I'm fairly certain my father never voted for a democrat. I on the other hand haven't voted for a Republican since 1984, when my first grade class "voted" on the presidential election. (Someone told me that Reagan would blow us up with nukes, but Mondale wanted us to go to school on Saturday. I chose Reagan.) My father and I disagreed and we knew it. When we discussed politics, it always started with, "I know you disagree, but..." Our voices were always quiet. Our manner was always calm; we never lost our senses of humor. We recognized each others' points of view, and respected them. We recognized that neither of us knew everything, and that the world was a better place because people like both of us were in it and making decisions. We argued. We disagreed. And then we sat down at the dinner table and held hands during the prayer that he devoutly believed in and that I tolerated because I respected him.
The world was better with him in it. We lost him just a few days after Sarah Palin's selection as Sen. McCain's running mate. I can best remember him in the words of another son who lost his father: "He was a man. Take him for all and all, I shall not look upon his like again."
And therein lies the Wisconsin problem. I look around for the Republican party that my father would have been loyal to. I look around for the leaders that I know he would naturally have gravitated to. I look around for the "loyal opposition" that I would proudly and happily spend my entire life arguing with. I can't find them. I only see extremists who want me destroyed, or those who are so afraid of those extremists that they dare not show any leadership. I can't find the GOP that was worthy of my father.
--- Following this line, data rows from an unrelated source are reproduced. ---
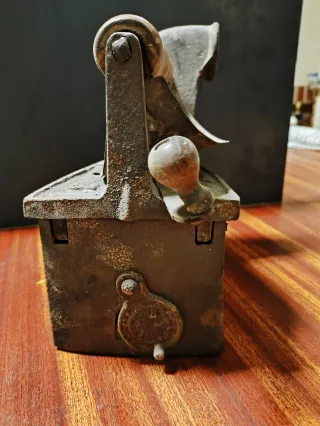 Plancha antigua de carbón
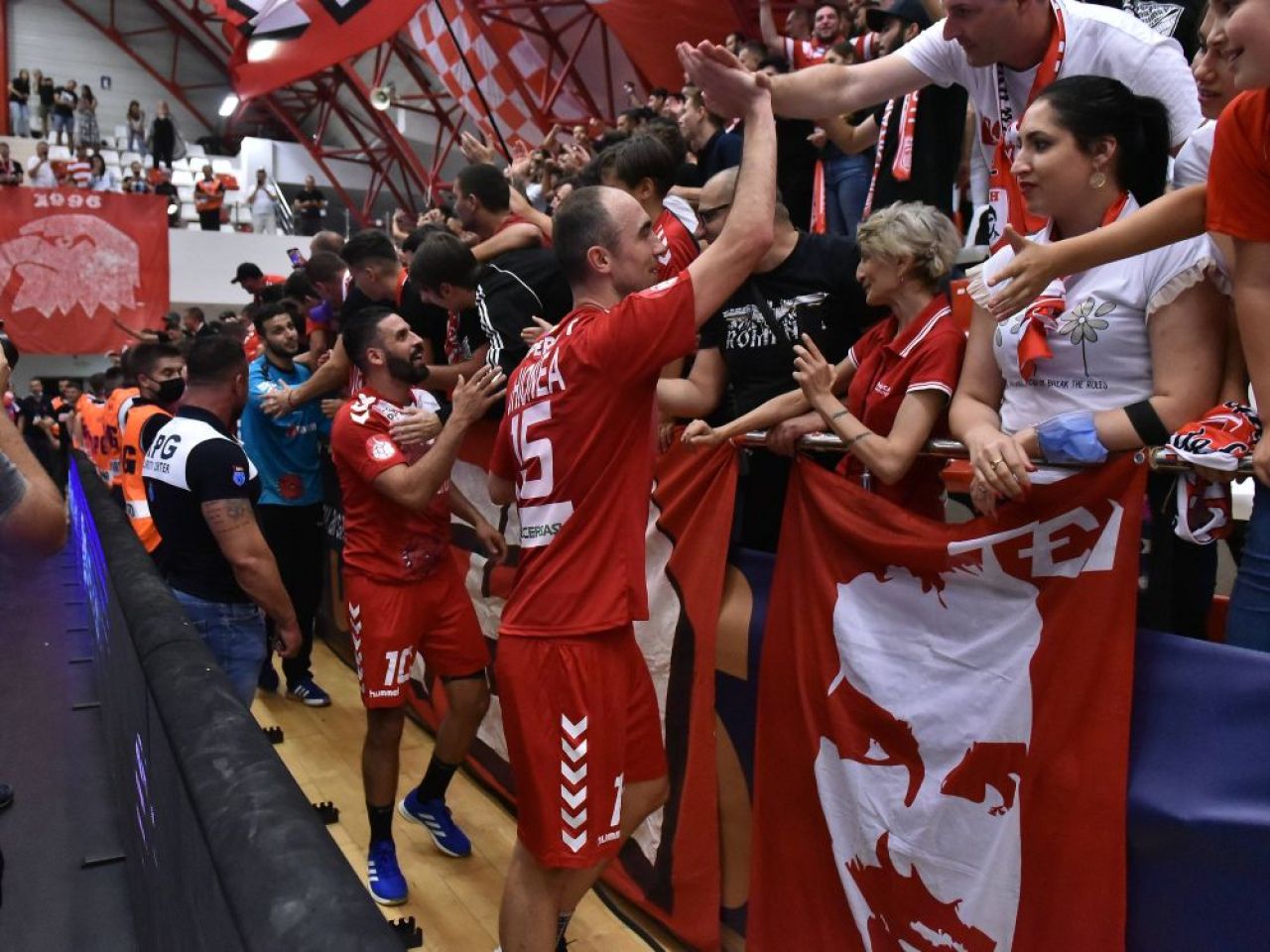 Secretul succesului de la Dinamo, destăinuit de căpitanul Vali Ghionea. „S-a creat o emulație în jurul clubului. Ei chiar sunt pasionați”_3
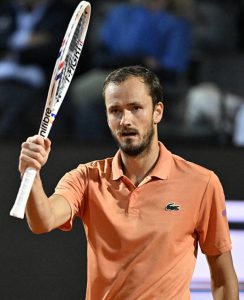 Steve Flink remet en question l&rsquo;état d&rsquo;esprit de Medvedev après sa défaite à Wimbledon : c&rsquo;est dommage.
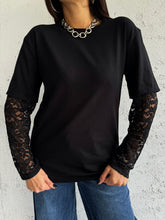 Carica l&#39;immagine nel visualizzatore di Gallery, t-shirt lace
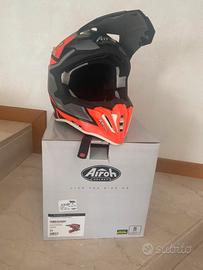 Casco cross airoh taglia xs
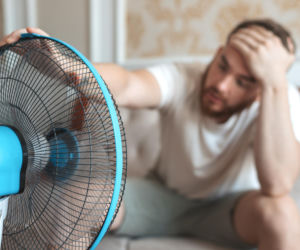 Domowe pożeracze prądu. Latem pracują pełną parą i kosztują fortunę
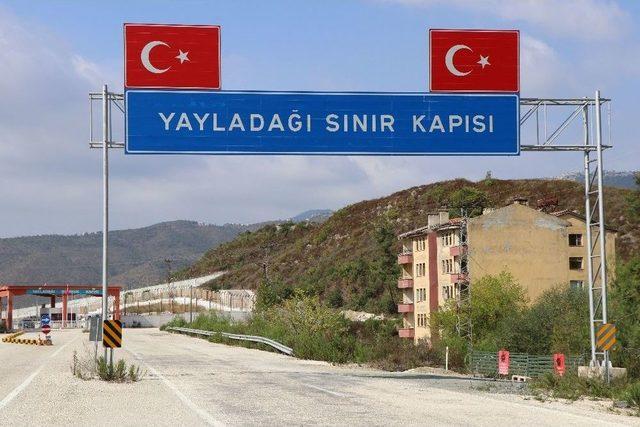 Yayladağı Sınırı Sakin Bir Gün Yaşıyor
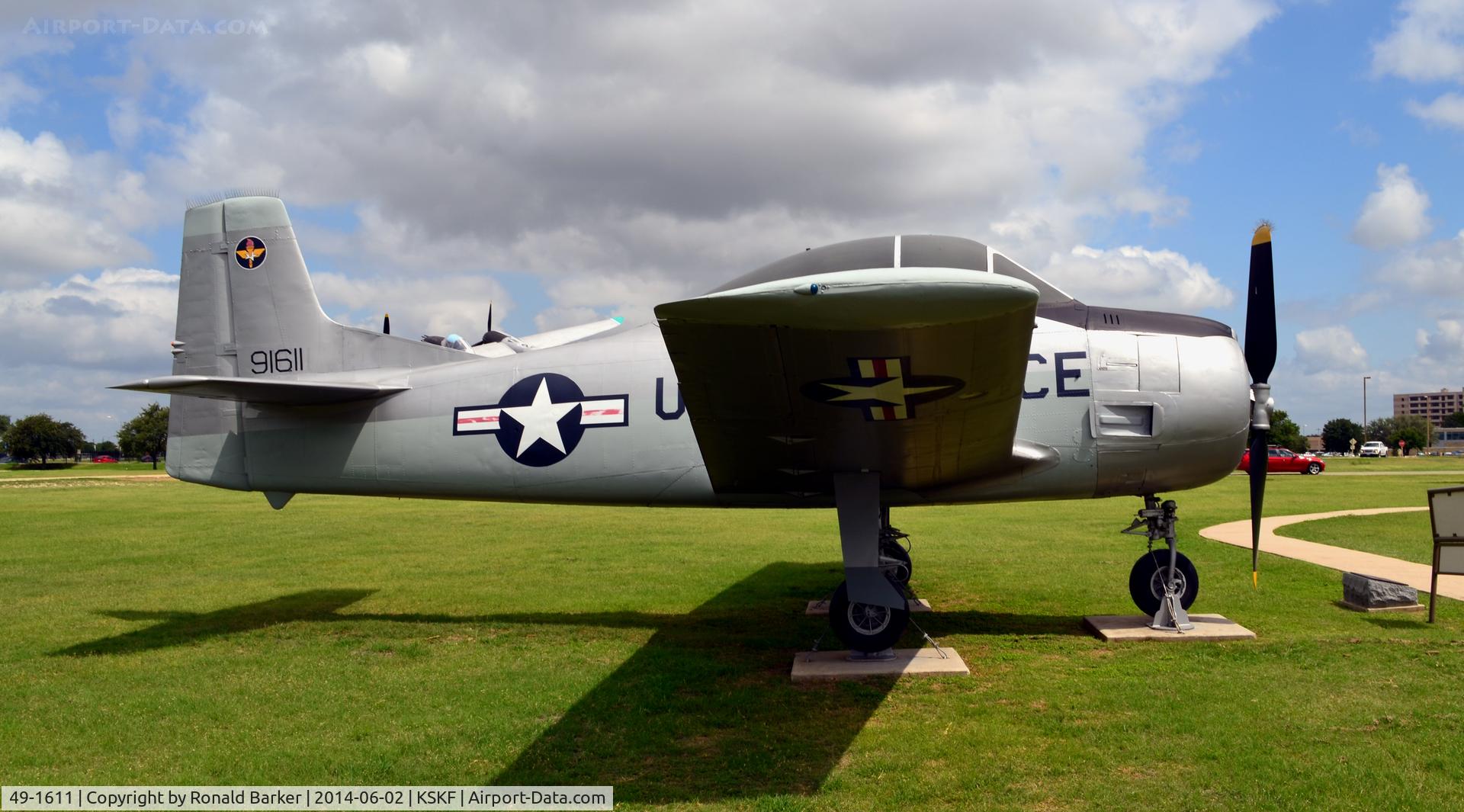 49-1611, North American GT-28A Trojan C/N 159-123, LMTC Parade Field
I believe that GOP exists, but is in hiding. If we can find just a few "Lauren Harman" republicans, we can see Wisconsin through these troubled financial times while uniting ourselves as a state. My father raised me to believe that a career in public service as a firefighter, police officer, health care worker, or teacher was an honorable thing. His party seems to no longer think so. My father thought that my idea to pursue a Ph.D. in my field would be "a major accomplishment for [our] family." (His was the first generation to graduate high school, and mine the first to even contemplate college.)
In honor of my father, and out of a blind belief that his GOP exists, I make this pledge: any WI legislator who joins us to protect worker rights shall have my loyalty. When the well-funded attacks from extremists come, I will stand up with that legislator. I will canvass his (or her) district and explain to each and every constituent I can why I value that person's voice in Madison. I may disagree on every other issue, but I will fight with all I have for a Republican brave enough to stand with us for the very idea of discussion and dissent. Any Republican brave enough to publicly believe that we do our best work through argument and compromise is someone I want to have in my state house. I want my state to have a voice like my father's in it.